Nostalgia is a big one. And travel. I find inspiration from my travels in the form of correspondence I’ve kept. I have a lot of emails from people where English was their second language, so when they write it’s a bit disjointed. You get these phrases that would work in their language but not English, and really odd ways of expressing things. I really like that; I like language, I like text. I find wordplay interesting.

These fabrics that I make, they’re kind of like a banner with embedded narratives from that correspondence – psychological geographies, representing a particular time and place.

I like a lot of Islamic art for similar reasons. It involves beautiful geometric designs that are perfectly, mathematically correct, and they represent things by abstract motifs rather than a realistic manner.

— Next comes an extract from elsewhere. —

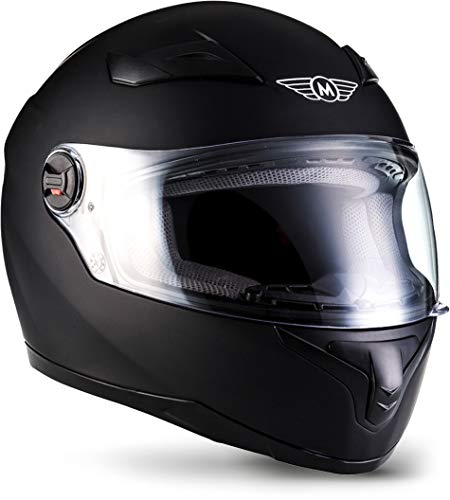 Moto Helmets® X86 „Matt Black“ · Integral-Helm · Full-Face Motorrad-Helm Roller-Helm Scooter-Helm · ECE Visier Schnellverschluss Tasche XS (53-54cm)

I’ve always liked abstract art – 1940s/50s, Pollock, automatism – so I’m not really interested in thinking too much about what I’m doing in the studio. I don’t ever really know an outcome. As I’m going, I figure out how this might work or not.

Also textile artists like Sonia Delaunay – she did a lot of colour experiments, large geometric paintings, played around with colour combinations. But her work wasn’t just paintings, it was clothing, cars, outfits for the Ballets Russes – her output was just insane.

What does art mean to you?

In the studio, it’s a kind of meditation. I love my studio at RMIT, and being there alone on weekends. It’s this space where I can be myself, there’s no one judging you, and you don’t have to be harsh on yourself either. You just go in and make things. If it works, it works. If it doesn’t, it doesn’t. But I never feel that it’s a wasted day.

What’s one of the hardest lessons you’ve learnt so far?

Working with digital works, you really need to save them. That’s probably one of the hardest – being diligent enough to save everything, back it up, email it to yourself to 2–3 different email addresses you have. Keep a record of everything! Otherwise you’ll lose something that you really, really wanted to use.

In theme with magpies and all things shiny, what’s your favourite shiny thing at the moment?

I got donated a ginormous roll of gold contact paper. It’s probably tens and tens and tens of metres. I haven’t used it yet, but it was a pretty nice donation.